The Australian island that became a living nightmare for refugees and asylum seekers

Sydney Letter: Nauru sits isolated in the Pacific Ocean and hosts a large off-shore detention centre that is more like a humid purgatory

The tiny tropical island of Nauru stands isolated in the Pacific Ocean between Australia and Hawaii. In half an hour you can drive across the whole island. It is one of the world’s least visited places by tourists, yet it is still familiar to most Australians.

Nauru is synonymous with asylum seekers and refugees trying to reach Australia. It holds a large offshore detention centre that became a hot and humid purgatory for those that lived there. There was little real hope of making it to Australia; instead, residents were isolated and trapped in a Kafkaesque system that could last years. The last refugee has finally left Nauru this month, but its legacy and use will still be debated.

The concept of the “fair go” is cherished in the Australian vernacular. It means that if you come to Australia, regardless of your background, you will be given every chance to succeed. This maxim is largely true, and the country’s diverse range of nationalities would reflect its potency.

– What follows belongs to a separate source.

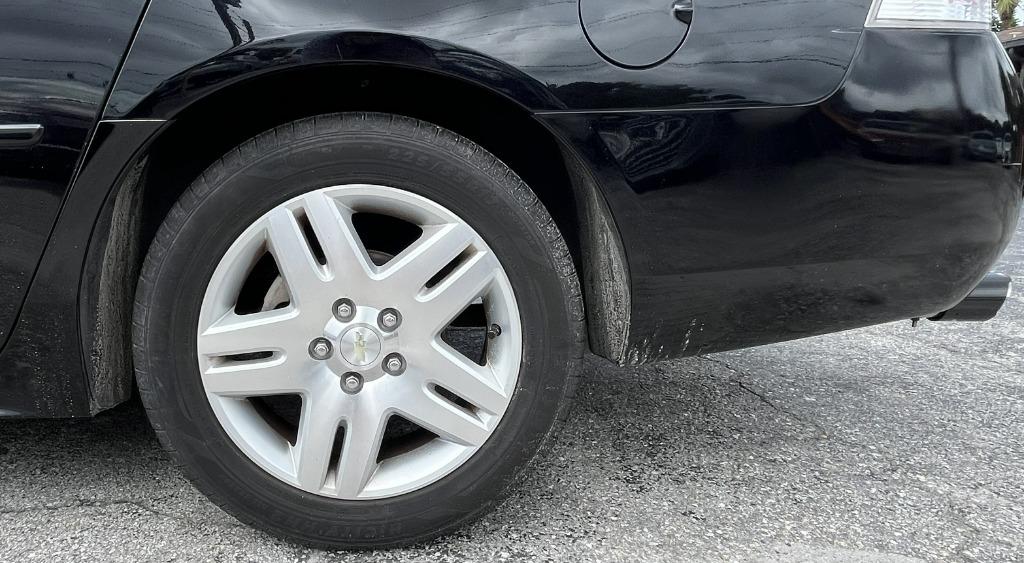 2014 Chevrolet Impala - $8,995
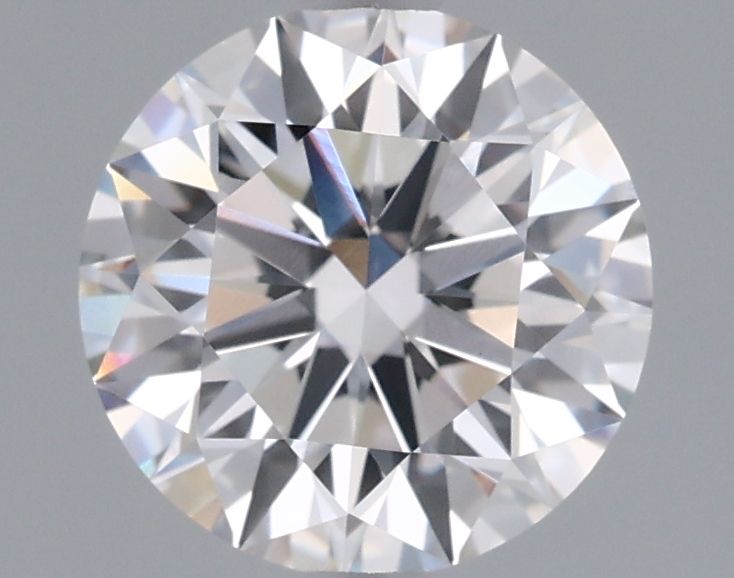 Lab Grown Diamond Lab-grown 1,53Ct E-VVS1 Round - IGILG800611223 1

However, the saying has not been extended to refugees or asylum seekers in recent years.

Offshore processing was introduced by the former Australian prime minister John Howard from the Liberal Party in 2001. It was stopped by the Labor prime minister Kevin Rudd in 2008, before being reintroduced by his successor and party colleague Julia Gillard in response to more refugees attempting to arrive in Australia by boat.


Albanese’s government will still pay $350 million (€212 million) annually to keep the offshore processing facility open on the island

Australia’s policy of offshore processing was put under further scrutiny when the Liberal Party’s Tony Abbott took power in 2013. Abbott wanted, in his words, “to stop the boats” and believed firmly that Nauru was a strong bulwark for his policy. He even tried to promote the country. “Nauru is no hellhole by any means. I’ve been there,” he said. “If you like living in the tropics, it’s a very, very pleasant island.”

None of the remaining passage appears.